Monday, April 6, 2020

the Peace of Knitting


Stress knitting… it’s a thing. I have been avoiding the action for the past three weeks, but on Friday, I broke down. It was a combination of trying to focus on online meetings—in person meetings are hard enough!—wrestling with technology, constantly changing and vague answers, lack of daily human contact, a rapidly diminishing supply of reading material, and rain. Cold, downpouring rain for days. My mind was jumping from one thing to another, unable to settle, much like the weather.

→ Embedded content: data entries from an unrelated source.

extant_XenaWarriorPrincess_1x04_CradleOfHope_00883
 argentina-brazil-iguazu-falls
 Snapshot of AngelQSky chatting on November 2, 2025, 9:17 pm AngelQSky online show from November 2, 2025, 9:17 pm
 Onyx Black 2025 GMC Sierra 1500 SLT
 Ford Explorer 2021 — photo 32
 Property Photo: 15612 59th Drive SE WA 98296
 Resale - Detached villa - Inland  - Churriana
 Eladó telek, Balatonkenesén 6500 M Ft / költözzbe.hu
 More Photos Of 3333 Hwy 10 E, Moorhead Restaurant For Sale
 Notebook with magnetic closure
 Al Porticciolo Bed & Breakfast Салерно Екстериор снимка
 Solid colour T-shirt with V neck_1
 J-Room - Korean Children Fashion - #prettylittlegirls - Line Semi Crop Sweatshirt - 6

I knew it would come to this. I had purchased a complex sweater pattern and yarn several years ago, but I had not yet begun the sweater. I did not need another sweater, especially not a heavy one made with grey, sheepy yarn. I have enough sweaters. I do not wear the ones I have…all sorts of reasons to not begin.  The yarn was sitting in the closet and the bottom of the yarn bag, mocking me every time I sorted through the stash, vowing to knit it all down. Six skeins of yarn…. Waiting.

On Friday, I realized that I may not need a sweater to wear, but I did need a sweater to knit.  Socks, hats, earmuffs for bike helmets are all quick projects, to be begun and done over the weekend or on a long car drive. Sweaters, especially complex ones, are a commitment. They engage the mind in a different way; they grow slowly in the evenings, an inch at a time. I am fast enough to see growth after about 45 minutes, but a complex sweater will take weeks, not days, to finish. Knitting a sweater, you are in it for the long haul. And knitting is a calming process, engaging just enough of the mind to settle it to wander into calming paths, not jumping from action to action, thought to thought.

So I hauled out the pattern, rearranged it to be knit on circular needles all at once, not in pieces to be sewn together (why would anyone sew a sweater together?!), and cast on 173 stitches. Before long, the rhythm settled my mind. By dinnertime, I was done with the ribbing, counting stitches to set the pattern, and settled in. Peace.

If this goes on for months, Mark and the cat will be sporting Irish Knit sweaters next winter.